Sorun farklılaşmada değil, doğal bir durum olan farklılaşmanın çatışmaya dönüştürülmesi ve travma halini almasıdır.
Burada çözümün düşünce ve sanat insanlarına düştüğünü dile getirmiştik.
Buna göre; Gelişen bilimsel düşünce metotları ile vahyin temel kavramlarının yeniden idrak edilmesi gerekmektedir. Bu konudaki çalışmalar son elli yılda ivme kazanmıştır.
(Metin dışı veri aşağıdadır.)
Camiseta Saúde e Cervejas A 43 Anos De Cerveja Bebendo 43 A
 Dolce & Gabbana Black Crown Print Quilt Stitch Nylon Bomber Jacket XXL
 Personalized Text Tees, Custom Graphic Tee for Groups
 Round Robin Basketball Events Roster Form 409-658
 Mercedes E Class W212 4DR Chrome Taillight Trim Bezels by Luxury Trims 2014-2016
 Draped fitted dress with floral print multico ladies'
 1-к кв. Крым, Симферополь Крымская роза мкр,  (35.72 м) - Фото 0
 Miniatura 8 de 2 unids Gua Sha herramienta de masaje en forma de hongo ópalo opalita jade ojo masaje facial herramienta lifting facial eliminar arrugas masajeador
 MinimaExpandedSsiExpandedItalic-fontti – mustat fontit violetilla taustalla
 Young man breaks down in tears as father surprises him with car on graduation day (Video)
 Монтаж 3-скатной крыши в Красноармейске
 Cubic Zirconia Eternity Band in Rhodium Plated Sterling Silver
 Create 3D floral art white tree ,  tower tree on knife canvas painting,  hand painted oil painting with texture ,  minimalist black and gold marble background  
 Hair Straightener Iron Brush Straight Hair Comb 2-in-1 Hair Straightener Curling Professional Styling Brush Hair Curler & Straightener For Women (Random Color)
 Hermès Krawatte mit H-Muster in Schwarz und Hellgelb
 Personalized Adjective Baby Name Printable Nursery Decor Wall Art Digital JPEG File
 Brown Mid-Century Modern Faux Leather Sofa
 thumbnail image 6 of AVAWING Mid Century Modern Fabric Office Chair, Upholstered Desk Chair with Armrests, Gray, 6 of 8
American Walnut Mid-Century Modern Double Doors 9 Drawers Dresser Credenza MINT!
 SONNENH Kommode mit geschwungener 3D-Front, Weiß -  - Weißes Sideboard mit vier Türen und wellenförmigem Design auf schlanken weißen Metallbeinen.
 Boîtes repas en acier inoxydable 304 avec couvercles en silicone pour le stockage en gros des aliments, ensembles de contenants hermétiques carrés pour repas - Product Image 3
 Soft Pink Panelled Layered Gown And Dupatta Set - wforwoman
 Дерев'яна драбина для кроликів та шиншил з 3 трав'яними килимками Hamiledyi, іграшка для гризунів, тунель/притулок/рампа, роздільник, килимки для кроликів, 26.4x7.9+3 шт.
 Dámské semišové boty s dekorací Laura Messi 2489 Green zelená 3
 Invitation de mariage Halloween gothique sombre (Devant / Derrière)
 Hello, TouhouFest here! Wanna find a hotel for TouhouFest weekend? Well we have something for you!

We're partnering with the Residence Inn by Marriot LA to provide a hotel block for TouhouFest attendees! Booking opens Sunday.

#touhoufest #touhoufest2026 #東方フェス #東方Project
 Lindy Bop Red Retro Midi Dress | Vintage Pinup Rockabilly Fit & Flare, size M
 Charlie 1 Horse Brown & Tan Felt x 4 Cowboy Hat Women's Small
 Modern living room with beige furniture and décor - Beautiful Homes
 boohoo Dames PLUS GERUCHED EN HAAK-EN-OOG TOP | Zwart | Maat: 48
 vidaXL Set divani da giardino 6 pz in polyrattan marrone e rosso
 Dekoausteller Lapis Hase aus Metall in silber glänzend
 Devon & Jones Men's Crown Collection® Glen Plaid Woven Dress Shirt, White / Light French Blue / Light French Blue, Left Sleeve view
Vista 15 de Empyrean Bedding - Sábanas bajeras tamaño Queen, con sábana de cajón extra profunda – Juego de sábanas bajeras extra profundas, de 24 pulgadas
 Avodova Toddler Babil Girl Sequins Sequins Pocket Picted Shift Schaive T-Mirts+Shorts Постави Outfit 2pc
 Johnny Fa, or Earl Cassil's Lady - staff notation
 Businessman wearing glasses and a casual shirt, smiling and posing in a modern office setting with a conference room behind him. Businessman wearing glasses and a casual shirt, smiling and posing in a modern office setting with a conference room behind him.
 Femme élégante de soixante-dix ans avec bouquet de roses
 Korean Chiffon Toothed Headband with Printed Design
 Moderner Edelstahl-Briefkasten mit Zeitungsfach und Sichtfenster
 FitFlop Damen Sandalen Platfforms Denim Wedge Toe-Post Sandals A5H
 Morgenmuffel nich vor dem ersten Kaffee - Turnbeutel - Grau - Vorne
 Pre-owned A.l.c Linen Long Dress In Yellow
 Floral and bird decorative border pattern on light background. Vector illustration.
Lakin gerek diğer uygarlıklar karşısında varlık mücadelesinde geriden gelinmesi, gerekse İslam toplumlarında eğitim-kültür düzeyinin düşüklüğü çözümü zorlaştırmaktadır. Bir başka zorluk da mevcut çatışma ve travmadan nemalanan siyaset, tarikat ve grup önderlerinin statükoyu koruma çabasıdır. Ayrıca değişim ve gelişmenin getireceği inkılaba karşı muhafazakâr (tutucu) direnç de önemli bir engeldir. Özellikle bu grup “örf” “anane” ve “geleneklere” bağlılığı tezlerine payanda olarak kullanmaktadır.
Ancak bu zorluklar zamanla aşılacak, su akacak yolunu bulacaktır. Bu kaçınılmazdır. Çünkü bu Allah’ın vaadidir (Saff 8) ve İslam, -Muhammed İkbal’in ifadesiyle- savunmasını yapmamış ve son sözünü henüz söylememiştir.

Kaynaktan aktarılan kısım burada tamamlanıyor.